I don't get the whole having a staff in your house thing. I want to be alone in my house, to crank up my boombox and dance in my underwear. I want to eat cereal on the couch. I want to kick an impromptu handstand here and there. If there were people around all the time, I would feel like I'm on reality TV and that I couldn't relax and be my ridiculous self. Who knows, maybe it's a way for the wealthy to feel less alone and isolated in their large houses.

My last run of the night is back in Solana Beach, at a gated condo complex along the coast. I'm stuck at the walk-in gate, since the woman only listed her first name on the order and the gate operates by last names, which is one of my biggest pet peeves of delivery: you know, you have to know, your gates always operate by last names, so give us a last name or the damn gate code when placing your order. 
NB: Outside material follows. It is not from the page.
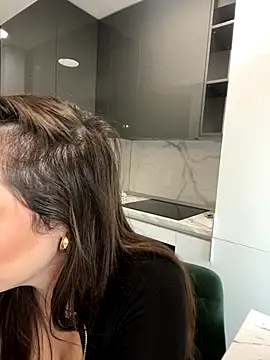 Webcam Model (claraxjoyy)  is live.Free join now!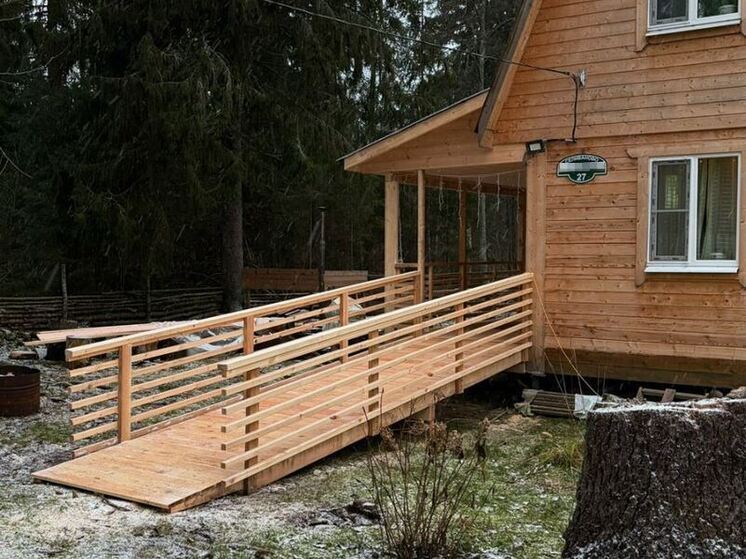 Предприниматель построил пандус к дому участника СВО из Волховского района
Using the handy map at the gate, I can see her lit-up place right there through the wrought iron fence, but there's no way I can get her attention. A man passes by inside, and I ask him if he'll let me in. He tries, but says the gate's stuck. "There should be a button to release the lock," I say. He says he's pushing it, but nothing happens. Now the semi-trashy woman (she's wearing one of those weird terry cloth, spaghetti strap tops and matching shorts combo) is out on her deck and sees me, and, with a scratchy smoker's voice, orders her chubby, little boy down to let me in and pay me. And she's now hit on a second pet peeve: making your kids do your dirty work. The bill is $55.13, and the boy hands me $56.13, which means she knows exactly how much the bill is and how little she's tipping me. The boy walks off with the food, and her terry cloth silhouette yells, "Thank you," from the dark deck. I want to yell back that she can shove her 1.81% tip down her surely cancerous trachea, but I choose to go with my more cowardly regular response of the silent treatment.

1 comment:

  1. I think people who have "staff" learn (or grow up) to ignore them. In essence, the staff become invisible--this is what "we" (society?) expect of wait-staff, hotel maids, etc--even pizza delivery people! People in "service" jobs are not to be recognized unless it feeds our own ego somehow (as in tipping from a wad of bills--or not tipping, etc). I won't go into what I think of that as it gets my Marx all in a dander.